My shoulder still hurts. Stupid frozen shoulder. Adhesive capsulitis. Whatever you want to call it. The manual manipulation under anesthesia and physical therapy worked for a while, but it’s back to being a constant ache and still wakes me up at night. A visit to a new PCP after moving to get non-narcotic (but still heavy) pain meds refilled was a bust (in more ways than one, but that’s another tale for another day), so I schlepped it over to a new orthopedist for a consult and advice.

He was sympathetic after examining me, even wincing a little himself when he cranked my arm a little too far and I yelped like a bichon frisé (That’s the epitome of yappy dog to me, so I apologize if you have one. They’re cute and adorable…and yappy.).

“Wow, I can’t believe you’ve been living like this,” he comments. (Super D-Girl, that’s me. The D obviously stands for dumb.)

“Yeah, well, I’ve been rationing out Tramadol at night to keep it from getting too bad, but I’m figuring that I’ll need physical therapy again.” I roll my eyes, because while I liked my last physical therapist, it’s a huge time suck going to PT. (Please don’t start the lecture on what’s important and taking the time to do this. I’ve already had that from at least three people…)

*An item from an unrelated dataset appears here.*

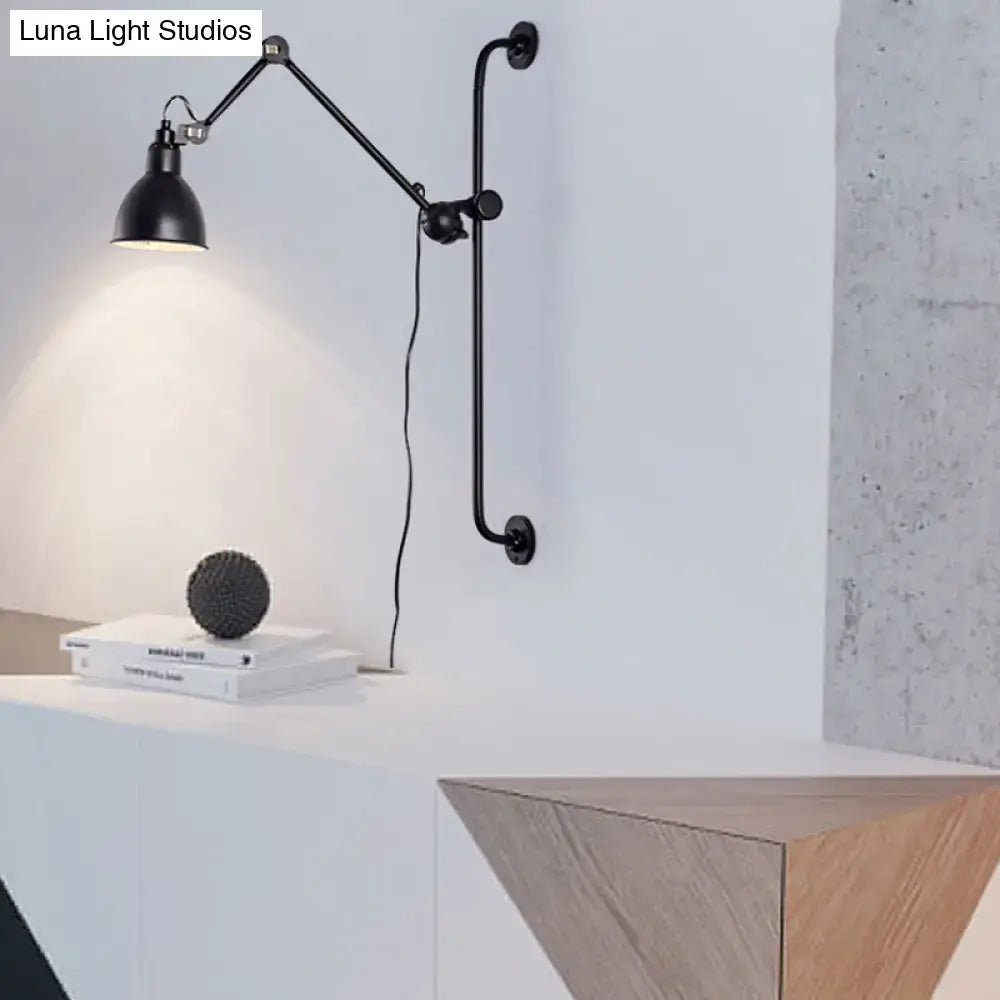 Modernist style black & white adjustable wall light dining room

“Look, let me ask you a question. How controlled is your diabetes?”

I glance slyly around to see if I’m on camera. Will I win something with the right answer?

“It’s controlled, which is a subjective term.  Why?”

“I could give you a cortisone injection into your shoulder which will help with the pain and the inflammation. It won’t help with your blood sugars. You’ll need to do physical therapy and we’ll reassess in six weeks. If it doesn’t work, then it’s surgery and this time, I’ll go in and remove scar tissue.”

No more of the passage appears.